# 2005 altimia 2.5 not firing



## jct71108 (Jan 4, 2014)

iv got a 2005 altimia 2.5 im working on for a customer,he bought it with supposivly a bad engine idk he didnt pay us to diagnoise it anyways we swap engine and car ran great for a few days then it started dying intermittently anyways we towed it back to shop and it eventully got to were it wouldnt start at all,got to looking in to it and its not firing any of the coils......scanned it with computer car has no codes at first we changed ing switch and it started for a few days now cant make it start no matter what we do ps its getting 12volts and ground to coils sounds like a crank sensor but its not setting any codes hate to waste the money .thanks for any help


----------



## otto888man (Dec 30, 2013)

Does the old engine has the Crank & Cam sensors still there.

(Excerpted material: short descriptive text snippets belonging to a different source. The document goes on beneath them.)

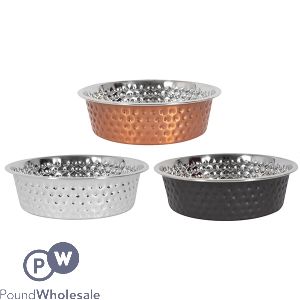 Smart Choice Hammered Stainless Steel Pet Bowl 750ml Assorted Colours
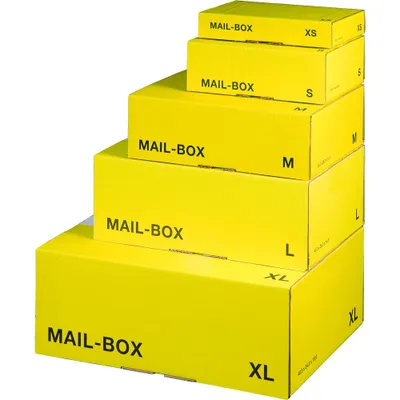 A stack of five yellow mail-boxes of different sizes, arranged in a pyramid shape.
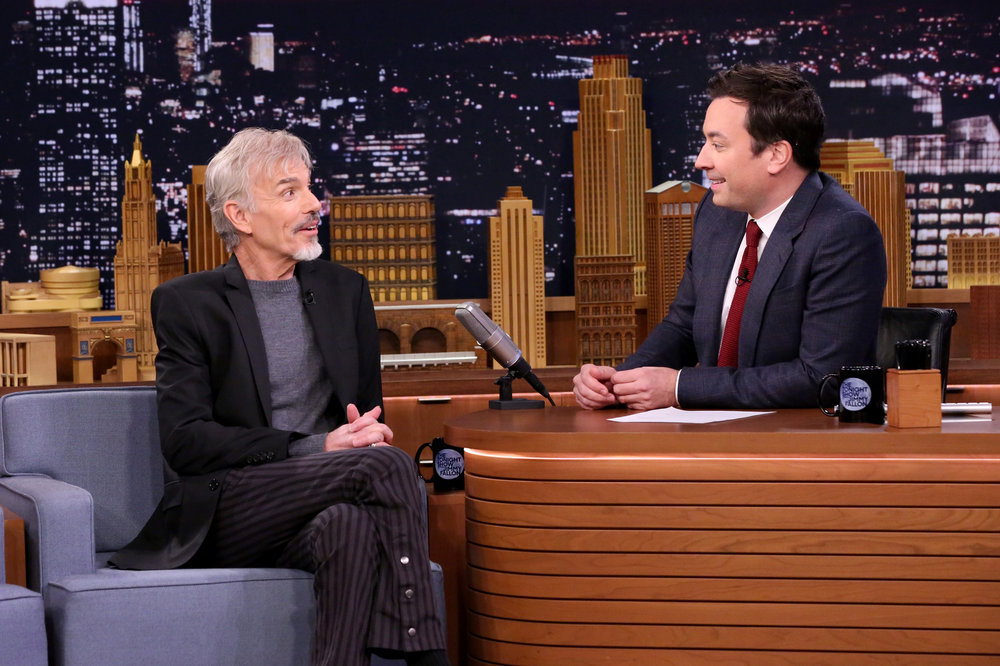 THE TONIGHT SHOW STARRING JIMMY FALLON -- Episode 0570 -- Pictured: (l-r) Actor Billy Bob Thornton during an interview with host Jimmy Fallon on November 14, 2016 -- (Photo by: Andrew Lipovsky/NBC)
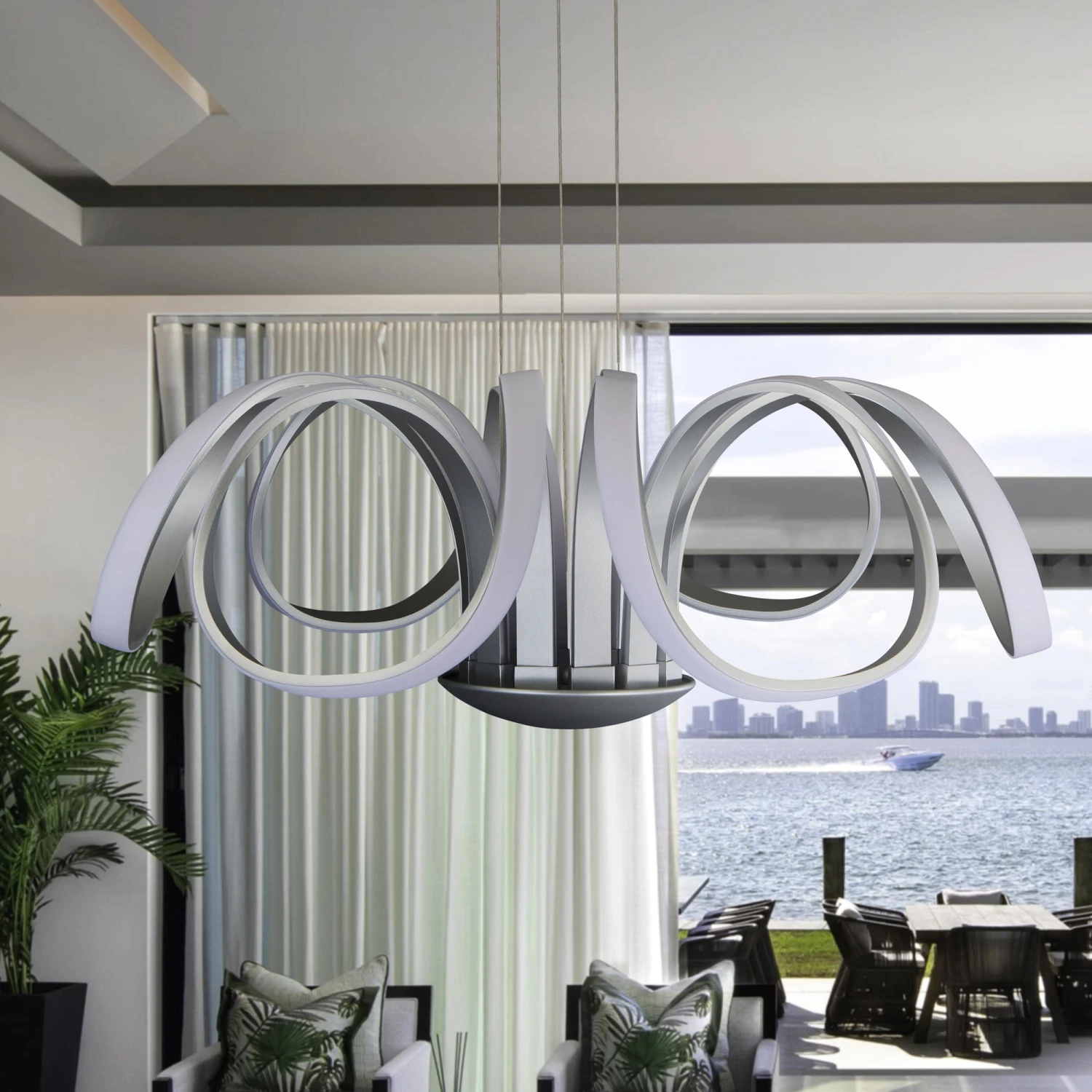 VONN LIGHTING VONN Capella VMC32420AL 30" Integrated LED ETL Certified Chandelier Height Adjustable Pendant In Silver 5 VONN LIGHTING VONN Capella VMC32420AL 30" Integrated LED ETL Certified Chandelier Height Adjustable Pendant In Silver - Image 3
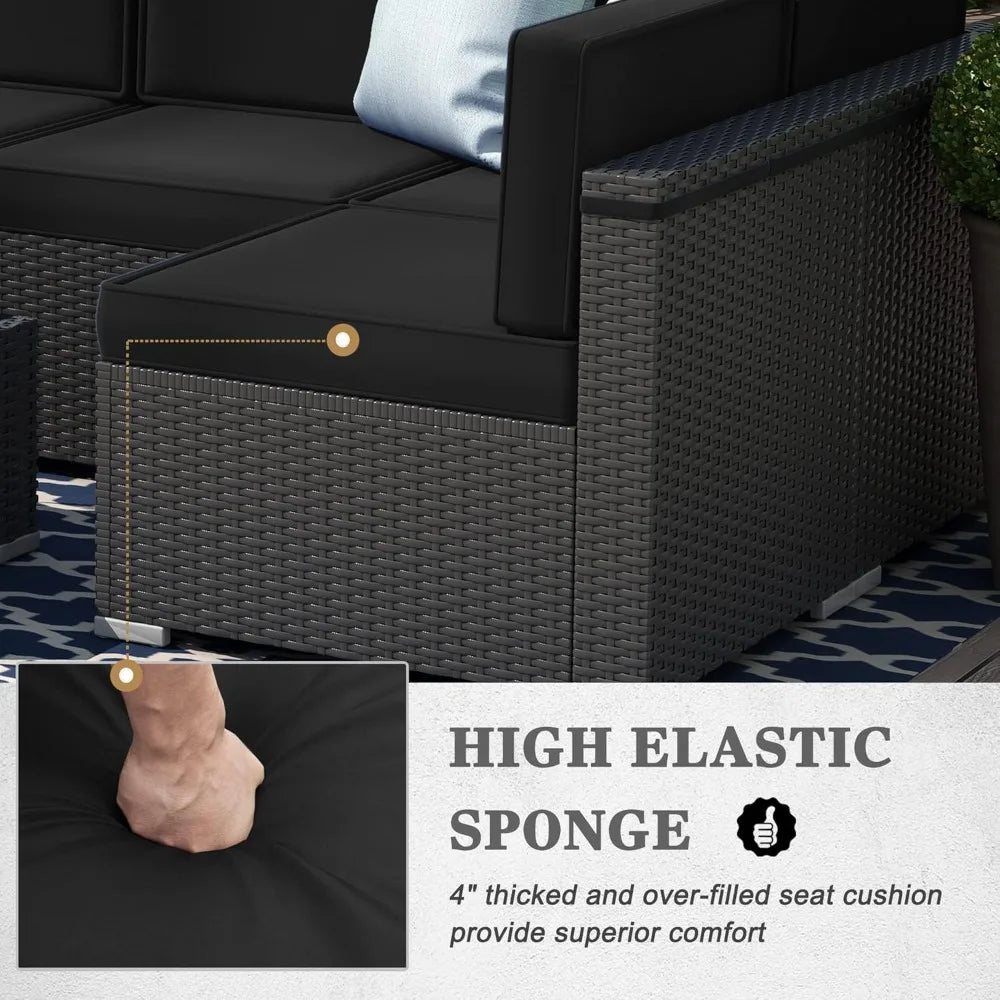 8 Pieces Patio Furniture Set w/ Propane Gas Fire Pit Table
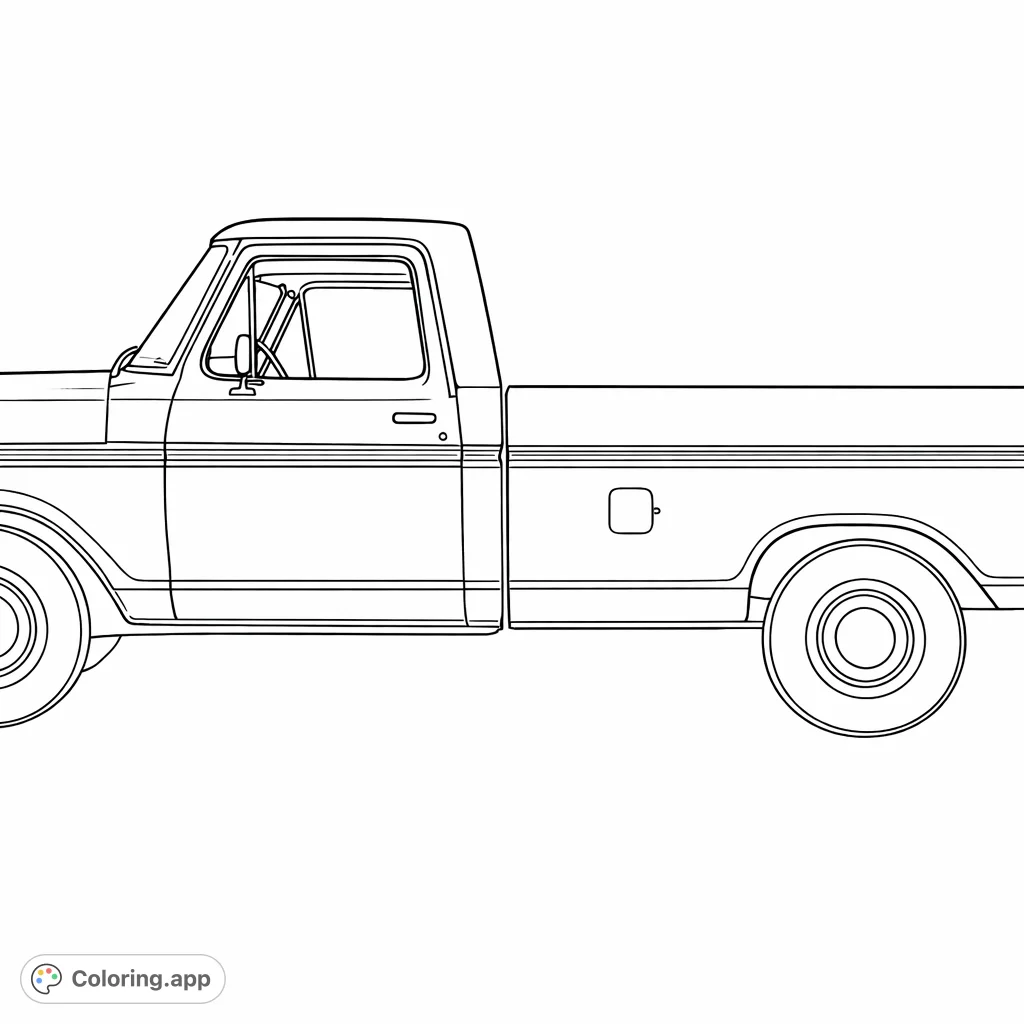 A classic pickup truck from a side perspective, ready for customization. Perfect for vehicle enthusiasts and vintage fans.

If so, swap it. These Altimas is known for bad Crank & Cam sensors going bad.


----------



## jct71108 (Jan 4, 2014)

yes it does but the owner neglected to tell me that it was doin the same thing.....he thought it had jumped time is why he paid us to change it but apparently it was probley not the case


----------



## otto888man (Dec 30, 2013)

I got it. Try this , it could be a long shot. But it might resolve the problem, without spending anything. Try swapping the Cam sensor first see what happens be sure you mark the old one or which is which. Then do the crank sensor see if it behaves differently. Let me know how it goes.


----------



## jct71108 (Jan 4, 2014)

yea i had that same idea a week ago didnt make any differnce..maybe i should just buy i knew crank sensor just seems odd that it done it with both engines and its not setting any codes....i was refering to i swap the crank and cam sensor on the engine bein they are both the same although i havnt try d any sensor from old engine....


----------



## otto888man (Dec 30, 2013)

I have seen them happen. If you want you can just buy the crank sensor 1st then try it. Then the cam sensor. How about the MAF sensor is it clean?


----------



## jct71108 (Jan 4, 2014)

yea mass airflow is cleaned and even swaped it with another......im leaning towards it bein the ecm just hate to buy it pay to get it flashed and be wrong may just have to go through my alldata and start pin point testing everthing just will take lots of time


----------



## otto888man (Dec 30, 2013)

Did you tried to do a continuity test on the crank & cam sensors?


----------



## jct71108 (Jan 4, 2014)

nah havnt tried that will have to get a pin out of ecm wiring and test the signal wires to see if there getting contunity through them


----------



## Outkast (Jan 29, 2006)

Are the crank and cam sensors fully plastic or do they have a metal cover over the working ends?


----------



## jct71108 (Jan 4, 2014)

metal caps


----------



## Outkast (Jan 29, 2006)

jct71108 said:


> metal caps


on both of them? I see a lot of them when people say they replaced just one and not both. I always recommend both of them need to be replaced.


----------



## jct71108 (Jan 4, 2014)

both are metal caps i havnt changed them i have swapped them from cam to crank......on my scanner it shows rpms when spinning engine over


----------



## Outkast (Jan 29, 2006)

The only other thing I've seen a bit of lately is the NATS controller ring on the ignition going bad. But mostly on the Maxima's and 350Z's


----------



## jct71108 (Jan 4, 2014)

i think i found the problem turns out it is firing plugs were just so soaked with fuel i couldnt see it after putting my spark tester on it ,was firing found out the throttle body relay is not bein activated via the ecm there for not sending power to throttle body found the wire that suppose to ground from ecm clip it from harness just temporary and then grounded it with power probe and car will now start for just a second


----------



## otto888man (Dec 30, 2013)

Thanks for the heads up. Let us know how it turned out.


----------